Response 1: Page 9 line 290 (now line 289): "figure below" has been modified to "Figure 5".
Point 2: Page 9, Figure 6a: TEM image - numbers next to the scale bar should be more visible (i.e. in black colour)
Response 2: Page 9, Figure 6a: TEM image-The number next to the scale bar has been added with a larger black font size.
Point 3: Page 10, Figure 6b: TEM image for the system HAuCl4-En is required. It can be also included as an inset.
Response 3: Page 10, Figure 6b: TEM image for the system HAuCl4-En has been added as an inset to Figure 6b.

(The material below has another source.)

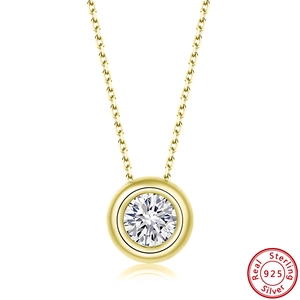 Classic S925 sterling silver gold-plated bubble round pendant necklace for women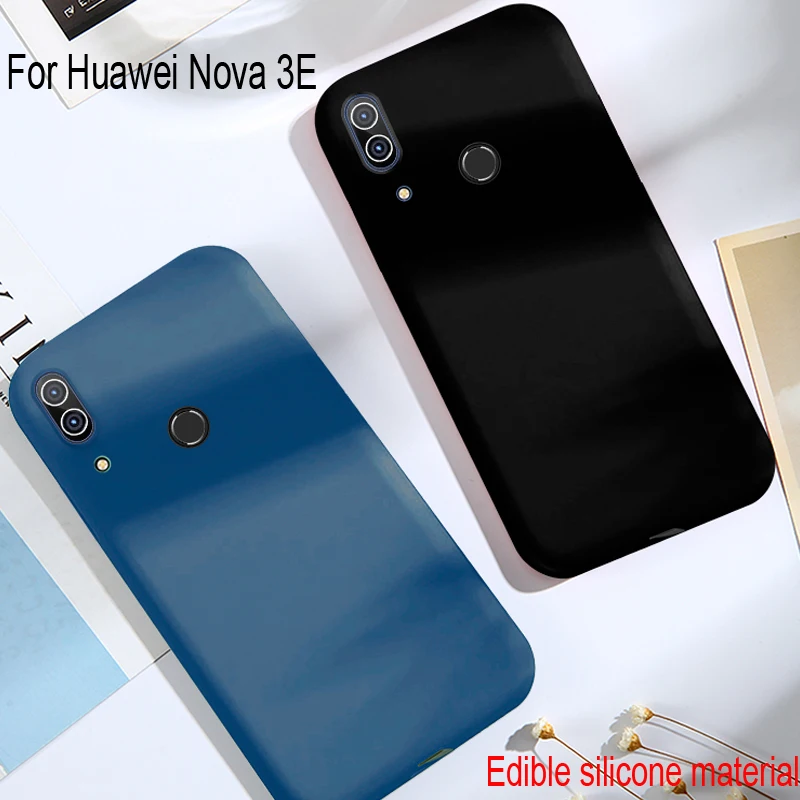 Роскошные мягкие Матовые чехлы на заднюю панель для Huawei Nova 3E простой однотонный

Point 4: Page 10, lines 309-311, the sentence still does not make sense to me:“And as shown in Figure S6b, when the buffer solution concentration achieved 0.24 mmoL/L, ΔI was largest, which was why the buffer solution concentration was chosen as 40 mmol/L in this experiment.“ Why the buffer concentration of 0.24 mmol/L was not chosen and 40 mmol/L was chosen instead? The selected concentration seems to be absolutely outside of the tested range.
Response 4: Thank you for your reminder, this sentence has been modified to "And as shown in Figure S6b, when the buffer solution concentration achieved 0.24 mmol/L, ΔI was largest, which was why the buffer solution concentration was chosen as 0.24 mmol/L in this experiment”.
Author Response File: Author Response.pdf
Reviewer 2 Report
The revised manuscript is suitable for the publication in this journal.
Author Response
Thank you.
Reviewer 4 Report
The paper could be published in the revised form
Author Response
Thank you.
Reviewer 5 Report
I regret to notice that the answer of the Authors to my considerations is just a no-answer. From my point of view, this manuscript has serious conceptual lacks.
Author Response
Response to Reviewer 5 Comments
Comments and Suggestions for Authors
I regret to notice that the answer of the Authors to my considerations is just a no-answer. From my point of view, this manuscript has serious conceptual lacks.
Response: Thank you for your suggestion, we will pay more attention to the definition of concepts in future work.